Annual report [Section 13 and 15(d), not S-K Item 405]

Commitments & Contingencies

v3.25.3
Commitments & Contingencies
12 Months Ended
Oct. 04, 2025
Commitments and Contingencies Disclosure [Abstract]  
Commitments & Contingencies

Note 12—Commitments & Contingencies

Contingencies

On September 8, 2023, a class action complaint for violation of federal securities laws was filed by West Palm Beach Police Pension Fund in the U.S. District Court for the District of Arizona against us, our former Chief Executive Officer and our former Chief Financial Officer. The complaint alleges that the defendants violated federal securities laws by issuing materially false and misleading statements that failed to disclose adverse facts about our financial guidance, business operations and prospects, and seeks class certification, damages, interest, attorneys’ fees, and other relief. On April 22, 2024, the defendants filed a motion to dismiss the complaint. That court granted that motion and dismissed the claims on July 14, 2025. The court allowed the plaintiff to file a second amended complaint. On August 13, 2025, the plaintiff filed the second amended complaint. On September 12, 2025, the defendants filed a motion to dismiss the second amended complaint. That motion is fully briefed and pending before the court. Due to the early stage of this proceeding, we cannot reasonably estimate the potential range of loss, if any. We dispute the allegations of wrongdoing and intend to defend ourselves vigorously in this matter.

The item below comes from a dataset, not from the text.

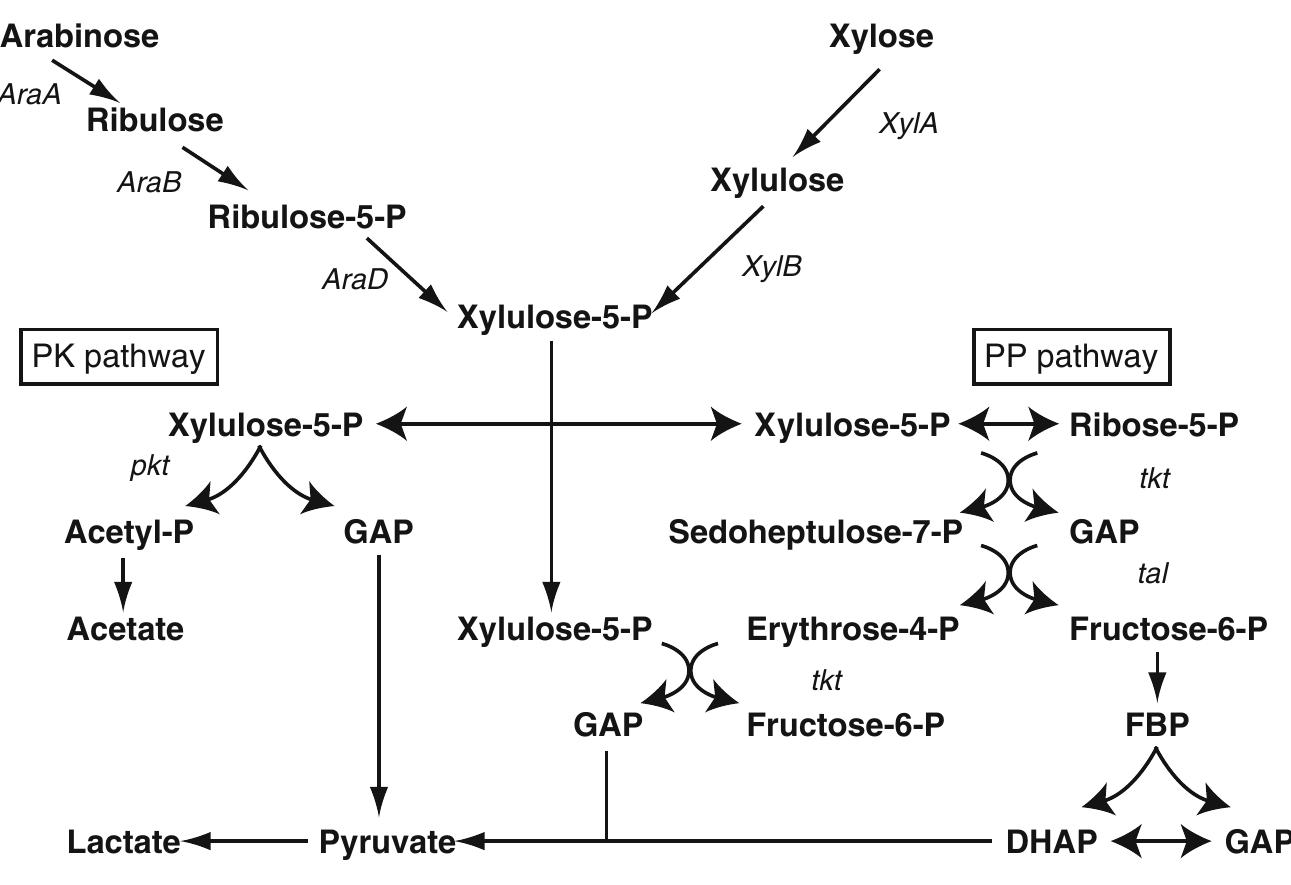 (PDF) Biotechnological production of enantiomeric pure lactic acid from ...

On March 13, 2024, March 14, 2024, and December 17, 2024, three derivative actions were separately filed in the U.S. District Courts for the Districts of Arizona and Delaware by John Clemens, Sally Flynn, and Ian Mednick, respectively, on behalf of the Company, and against its current and former officers and directors. Each of the three complaints include allegations similar to those in the securities class action, and allege that the defendant directors and officers harmed the Company by either making false or misleading statements, or allowing false or misleading statements to be made. The complaints seek the award of damages, costs, attorneys’ fees, and other declaratory relief. The two derivative actions pending in the U.S. District Court for the District of Arizona have been consolidated into a single proceeding. All of the derivative actions are stayed pending a decision on the motion to dismiss in the securities class action. Due to the early stage of these proceedings, we cannot reasonably estimate the potential range of loss, if any. We dispute the allegations of wrongdoing and intend to defend ourselves vigorously in these matters.

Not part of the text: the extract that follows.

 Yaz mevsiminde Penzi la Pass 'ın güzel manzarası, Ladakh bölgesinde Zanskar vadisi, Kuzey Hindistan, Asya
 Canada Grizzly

We are subject to other litigation, claims, and other proceedings that arise from time-to-time in the ordinary course of business. We believe these actions are routine and incidental to the business. As of October 4, 2025, we had established reserves for claims that are probable and estimable and such reserves were not significant. While we cannot feasibly predict the outcome of these matters with certainty, we believe, based on examination of these matters, experience to date and discussions with counsel, that the ultimate liability, individually or in the aggregate, will not have a material adverse effect on our business, financial position, results of operations, or cash flows.

Our workers’ compensation insurance program, general liability insurance program, and employee group medical plan have self-insurance retention features of up to $0.4 million per event. We had standby letters of credit outstanding in the amount of $11.7 million and $10.5 million as of October 4, 2025 and September 28, 2024, for the purpose of securing such obligations under our workers’ compensation self-insurance programs.

Vendor Guarantee

In August 2024, the Company entered into an amended agreement with one of its vendors in which the Company provided a guarantee of certain existing and future warranty obligations of the vendor’s products. In exchange for providing the guarantee, the Company was provided additional rebates on past and future purchases from the vendor. The amended agreement was retroactive to January 1, 2024 with a term of four years.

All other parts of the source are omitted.